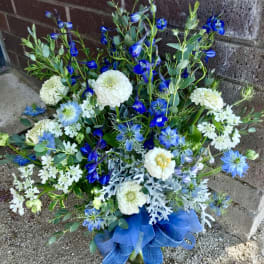Blue and white mixed flower arrangement with ribbon at the base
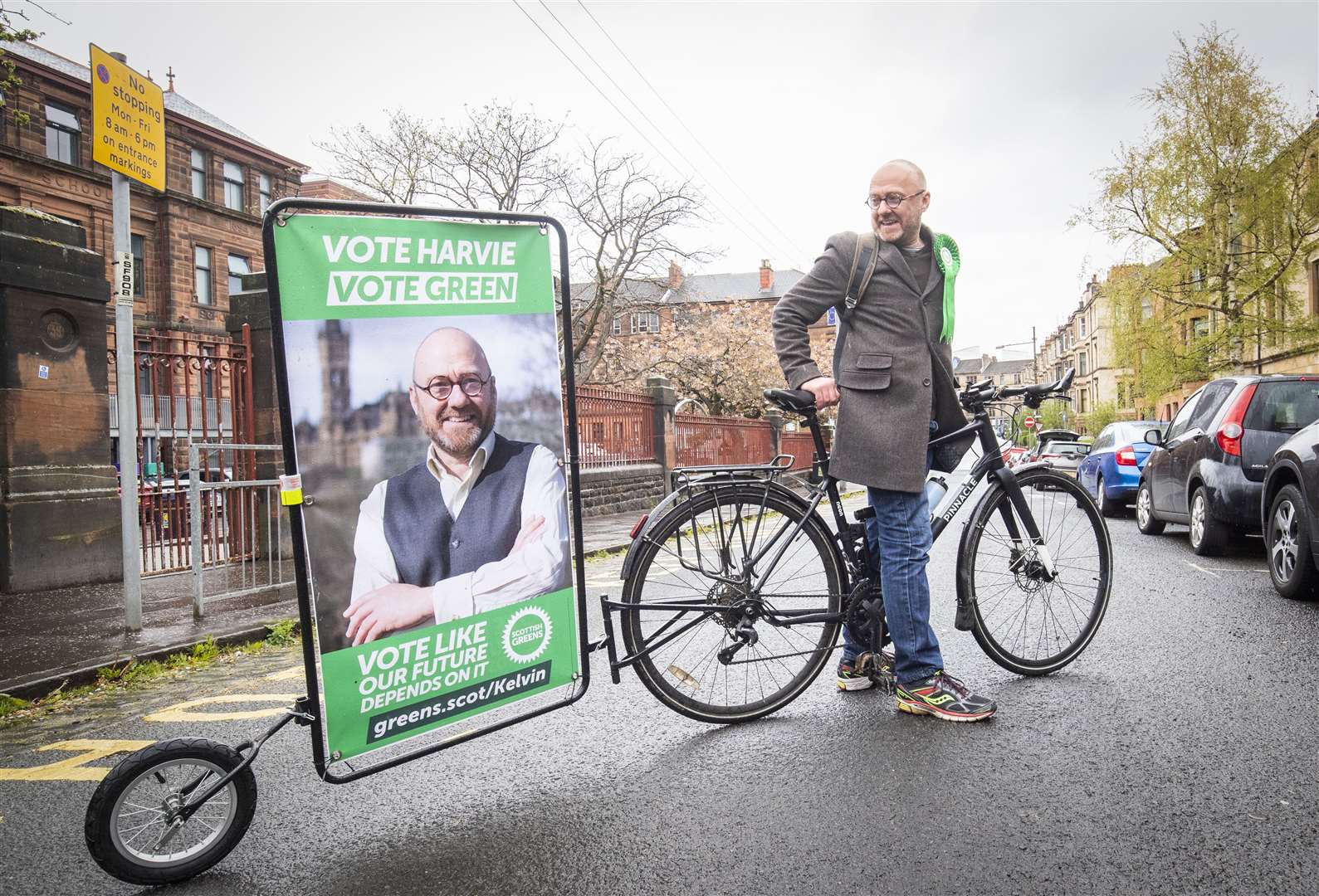 Scottish Greens co-leader Patrick Harvie pulled a billboard featuring his own face as he left his polling station in Glasgow’s west end (Jane Barlow/PA)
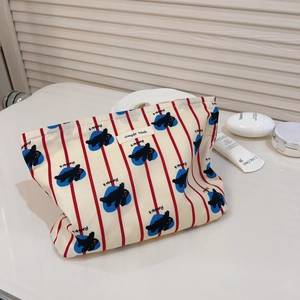 Détail de la trousse de toilette en coton rayé rouge avec motifs lapin et fermeture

····················

AIM OF THE EXERCISE: Write out exactly the lines from the one that contains "Scottish Greens co-leader" through the last line of the data above, both included. Leave every picture out.

RESPONSE BOX:
 Scottish Greens co-leader Patrick Harvie pulled a billboard featuring his own face as he left his polling station in Glasgow’s west end (Jane Barlow/PA)
 Détail de la trousse de toilette en coton rayé rouge avec motifs lapin et fermeture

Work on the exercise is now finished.